Bob’s Ramble: A Time of Change in the Financial Service Industry

Published 4/6/23

We have been hearing a lot about the major, disruptive changes happening within the financial service industry. Some banks are struggling to transition from low interest to higher interest rates, due to thin spreads on loans they kept on their own balance sheet (instead of selling the loans to someone like Fannie Mae), the risk of holding long-term low yield investments (ex. Bonds or T bills), and the media creating nervousness which can cause a “run” on a bank. A run on a bank can cause a bank to need to liquidate long-term holdings, which would remain “whole” if they went to maturity but must be sold at a steep discount if sold early (because those investments are paying much higher yields now). Of course, the FDIC insurance cap of $250K is nowhere near adequate for many corporations and individuals – hence the recent crisis.

While the banking industry has been in some tumultuous situations of late, not all changes within financial services are concerning. The payments space, for instance, has been experiencing a time of digital transformation which is positively impacting billing organizations across many sectors. We have seen a major shift away from cash registers and paper checks to online credit/debit, ACH (Automated Clearing House), Venmo, Zelle, and PayPal in wide use for bill payment nowadays.
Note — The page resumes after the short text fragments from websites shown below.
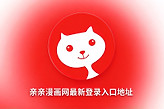 亲亲漫画网最新登录入口地址 亲亲漫画韩漫网在线阅读进入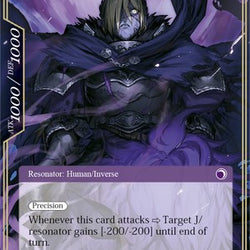 Sacred Knight of Atonement // Dark Knight of Conviction (TSW-024) [The Time Spinning Witch]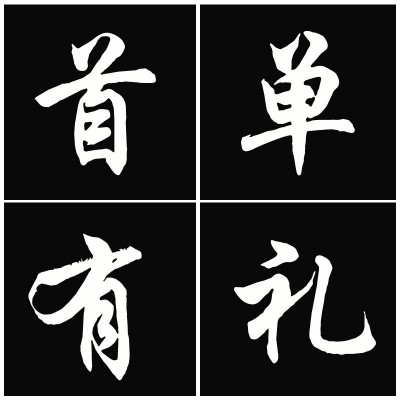 一体铝合金隔音重型推拉门108窗纱高端新品凤铝断桥铝封阳台门窗图4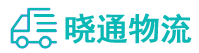 成都到兴隆县物流公司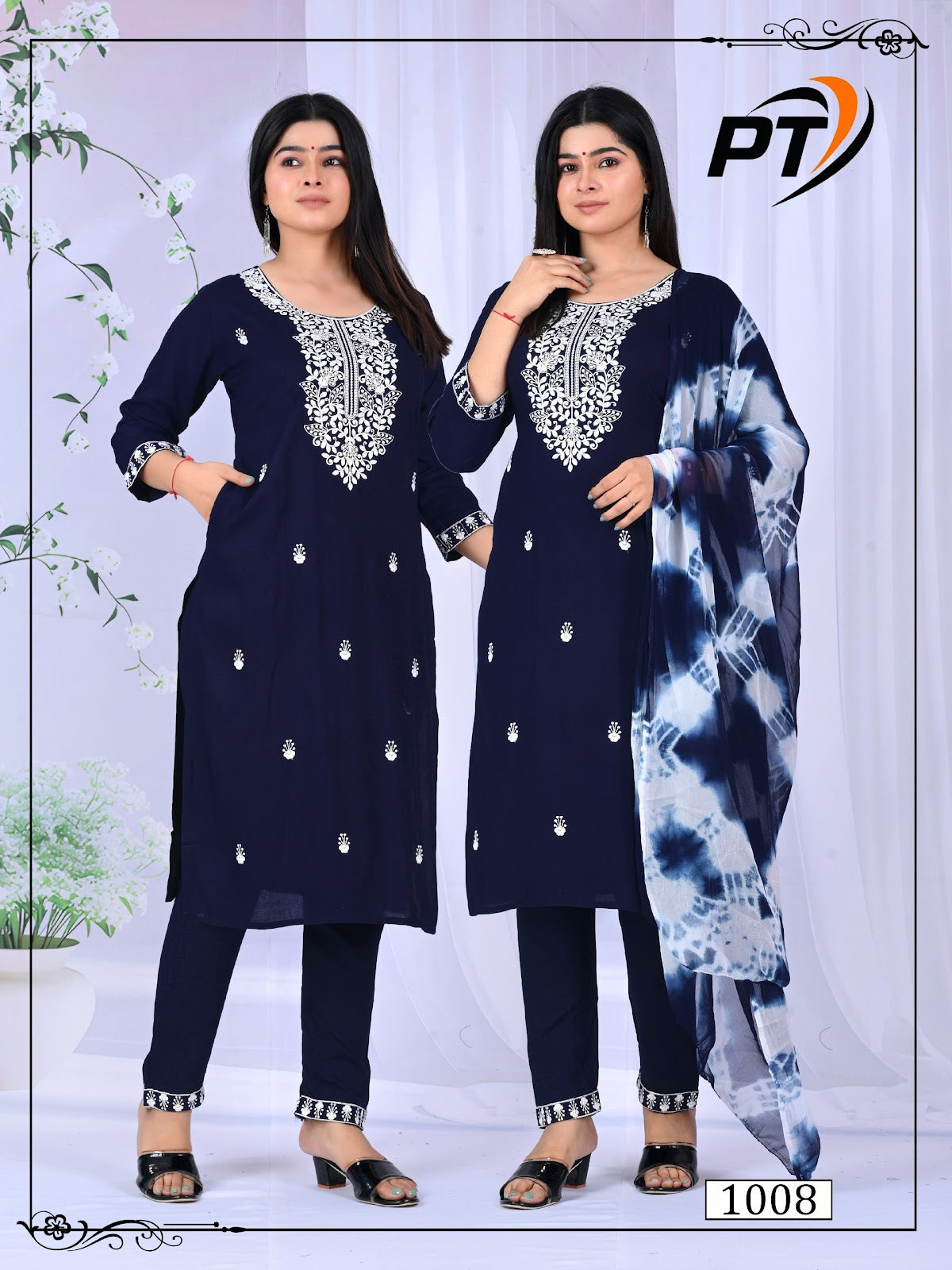 5 Star Vol 1 Pt Rayon 14Kg Readymade Pant Style Suits Wholesale Price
Similarly, billing and remittance has shifted from paper bills, checks, and postage being dominant 20 years ago to the rapidly rising adoption of paperless billing and automatic payment (AutoPay) enrollment.
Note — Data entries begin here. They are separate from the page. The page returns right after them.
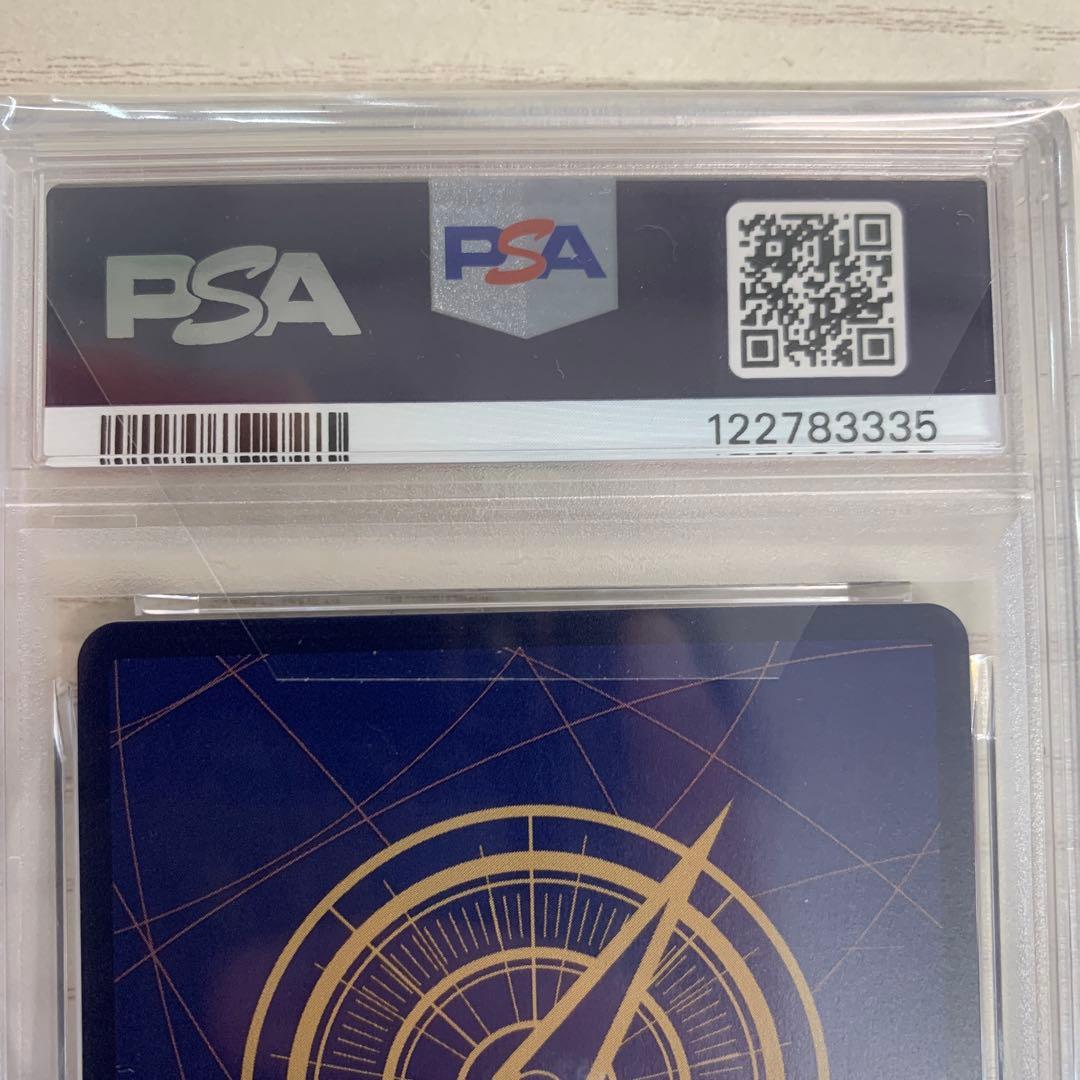 ベン・ベックマン チャンピオンシップ2025 PSA10　 OP09-009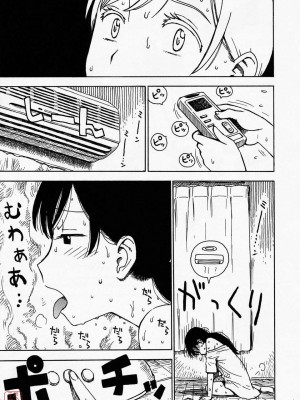[かるま龍狼]汗濁の人妻_002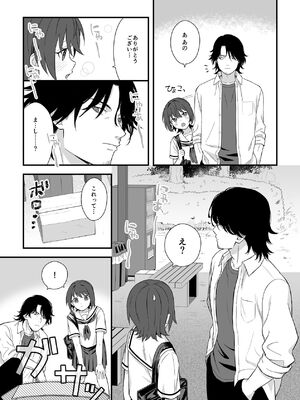 [ワドデパミ (和土流)] トラわれたのは、雨の午後_08_tivs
For billing organizations, this growing desire for digital billing and payment options should be embraced, no matter the industry. (Let us be honest, since we are all consumers ourselves: once you have made a one-click purchase on Amazon, that is your new standard for digital experiences.)

The more customers who use an organization’s digital, self-service options — like paying their bills online, signing up for paperless billing, or enrolling in AutoPay – the less time staff needs to spend on each of these items. This means there is more time and energy invested in higher-value projects, a reduction in costs associated with manual or outsourced processes, increased customer satisfaction, fewer overdue payments, and improved collection rates.
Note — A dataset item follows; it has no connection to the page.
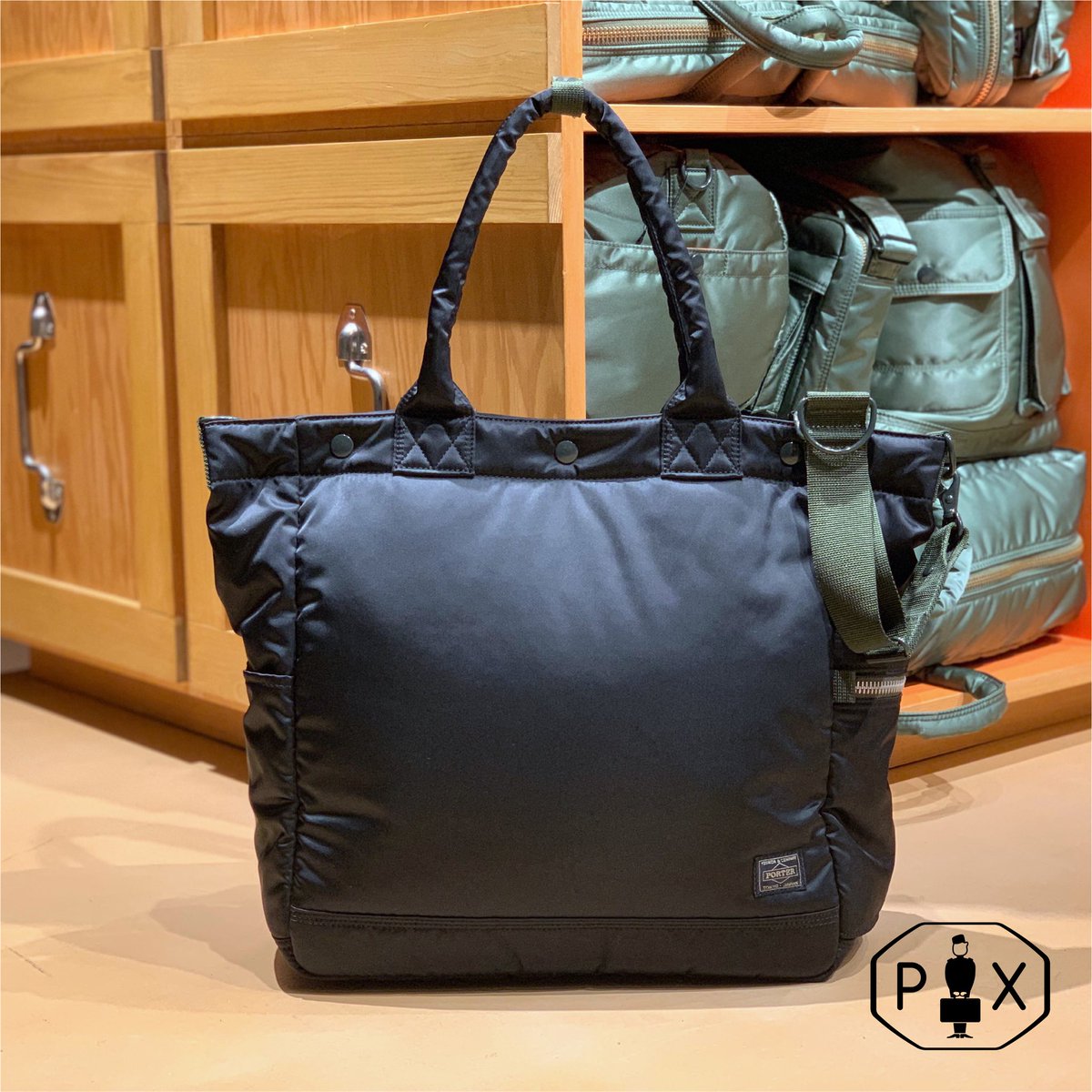 PORTER EXCHANGE on X: PORTER EXCHANGE on X:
The InvoiceCloud team likes to talk about “billing nirvana,” the ideal end state for billing organizations who work with us, where billers eventually hope to achieve 100% paperless enrollment and 100% online payment adoption within their customer base. Although it may take years for this entirely digital state to become the norm (we have one customer who is already there – please ask us how), we are continuously asking ourselves: how can we help all our customers achieve their version of “billing nirvana”?

Happy Spring – hope you all are enjoying yourselves!